Euclidean distance requires at least one indicator. There is not an upper limit on the number of indicators that can be selected. Nevertheless, results for Euclidean distance could become nebulous if too many indicators are chosen, a problem that is commonly referred to as “the curse of dimensionality”. For instance, Euclidean distance between uniformly distributed points naturally increases with increasing dimensionality and the ratio between the nearest and farthest distances eventually converges to one, making the concept of proximity less useful in high-dimensional spaces. However, such problems might be diminished in the USDSS Analysis Module by the fact that many of the indicators have restricted ranges (or are being rescaled) and some may be positively correlated, limiting the volume of space where the data are found. Moreover, the number of diabetes indicators that are currently available for analysis is presumably limited enough to avoid strange phenomena that occur with distance measures in high-dimensional spaces.

Correlation and Euclidean distance.

While correlation between variables may restrict volume in high-dimensional spaces, it distorts (elongates) distance along particular axes where variables are correlated. Hence, users should be cautious about choosing indicators that are highly correlated. Future releases of the Analysis Module will likely include distance metrics that are more robust to correlation, such as Mahalanobis distance.

Why do some results for Euclidean distance show more decimals than others?

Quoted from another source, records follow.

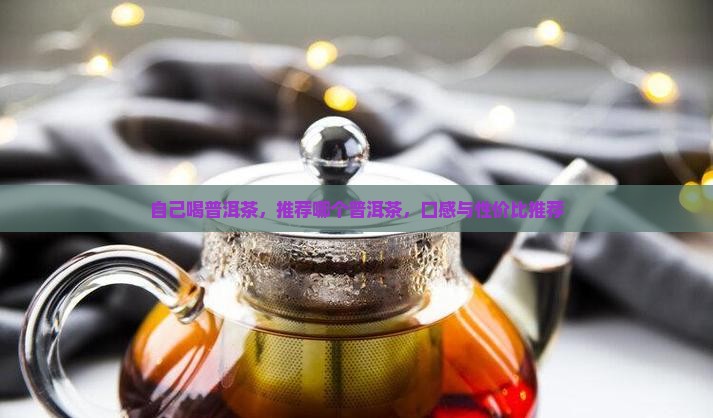 自己喝普洱茶买哪款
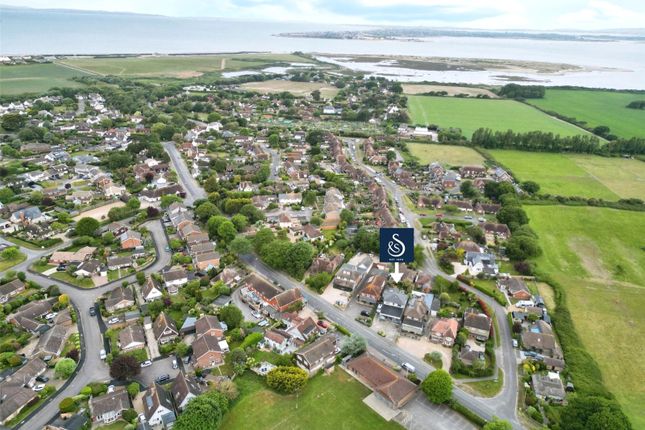 Rookwood Road, West Wittering... 3 bed detached house for sale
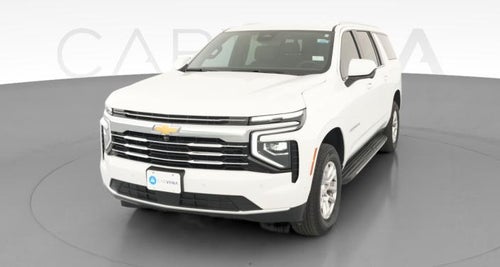 2026 Chevrolet Suburban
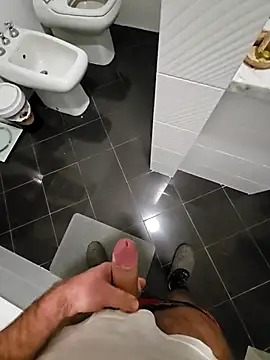 Dolceporco19 online show from January 9, 5:11 pm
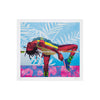 Na'ye Perez, Higher, Thy Will / Peace of Mind, 2022; Limited Edition Print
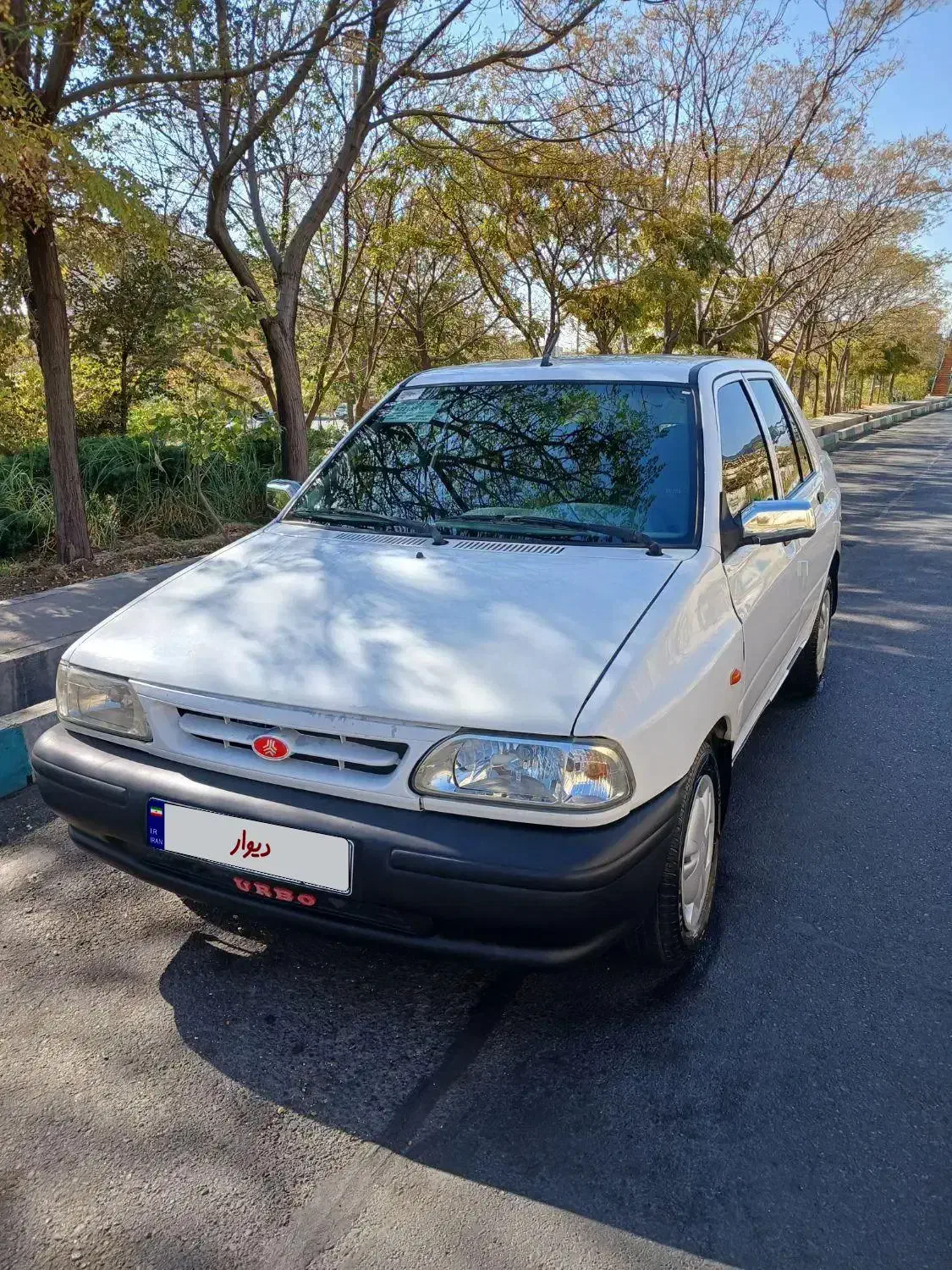 پراید 131 SE - 1398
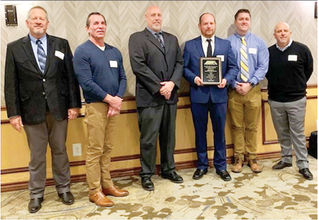Large scale Chowchilla water project receives Project of the Year award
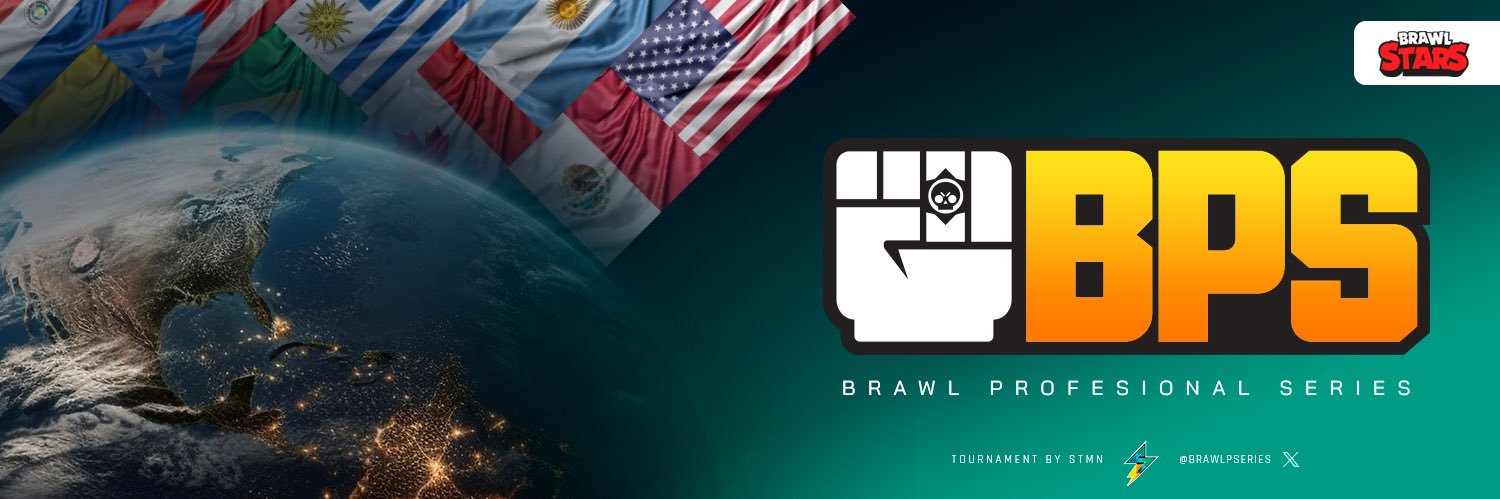 BSN: Brawl Stars Nations League's banner
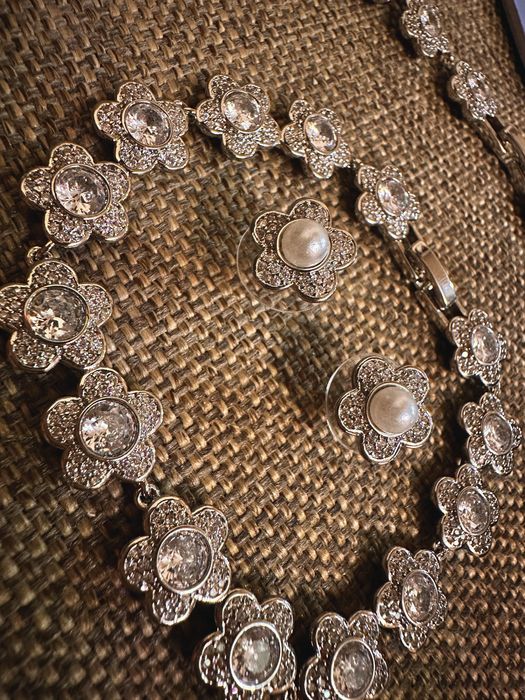 Set Ariana Grande x swarovski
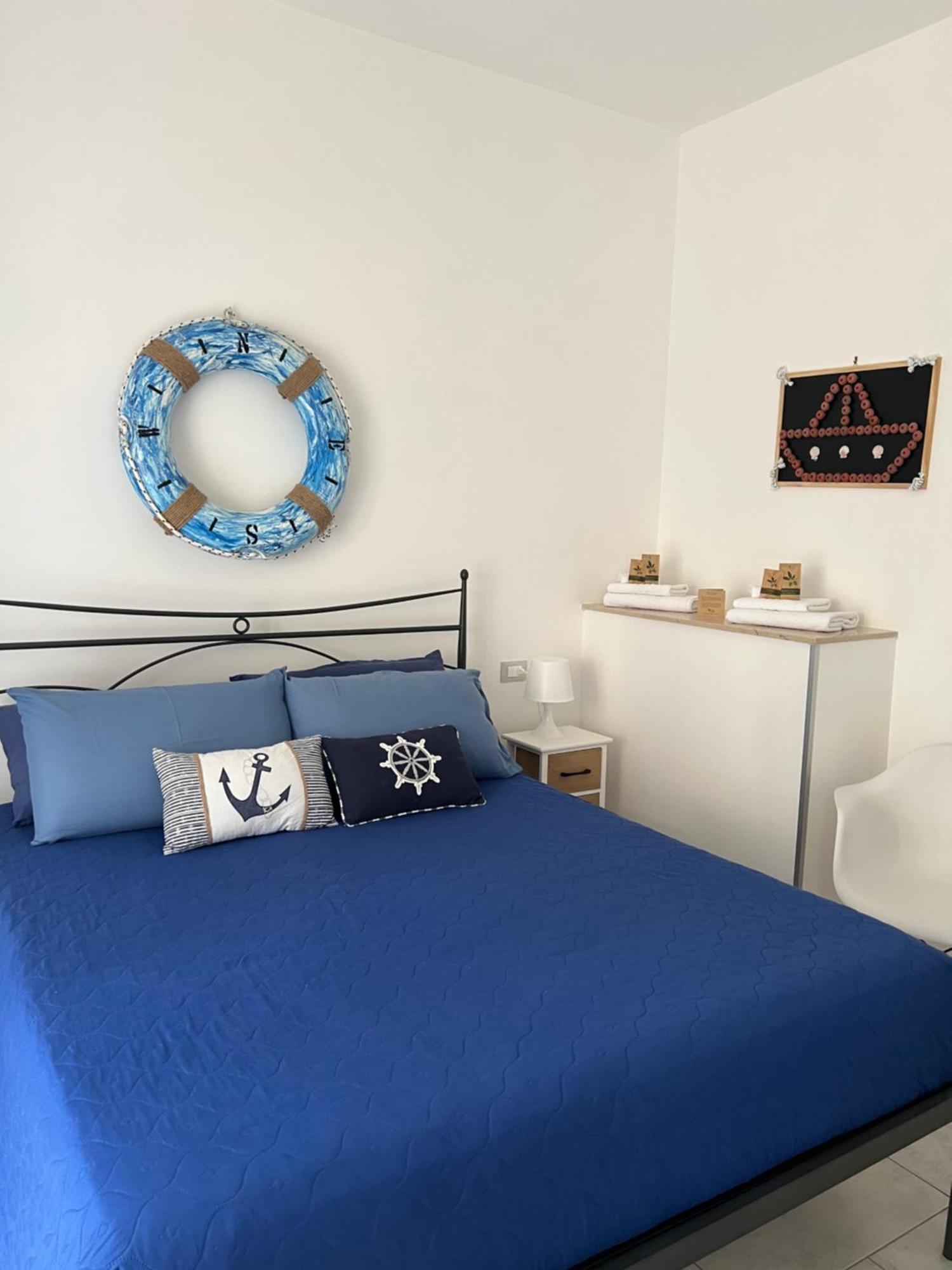 Il Marinaio Villa Ортона Екстериор снимка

The Analysis Module uses standard rules for handling significant figures in calculations. Hence, the number of decimal places in the output Euclidean distance calculation is determined by the minimum precision of an input variable. For example, many of the variables are input as percentages with one decimal place (such as 13.7%), representing a proportion with three decimals (0.137); therefore, Euclidean distance measurements that include these numbers would be rounded to three decimal places. To keep the display tractable, the Analysis Module does not display more than six decimal places.

In many cases, such rounding rules may result in tied Euclidean distances between county pairs that have slightly different vector components. However, such minor differences would not generally be observable given the thematic resolution used in the choropleth maps.

Why isn’t the county or indicator I want to select visible?

At the present time, counties that are missing data for one or more indicators will not be available for analysis when using Euclidean distance.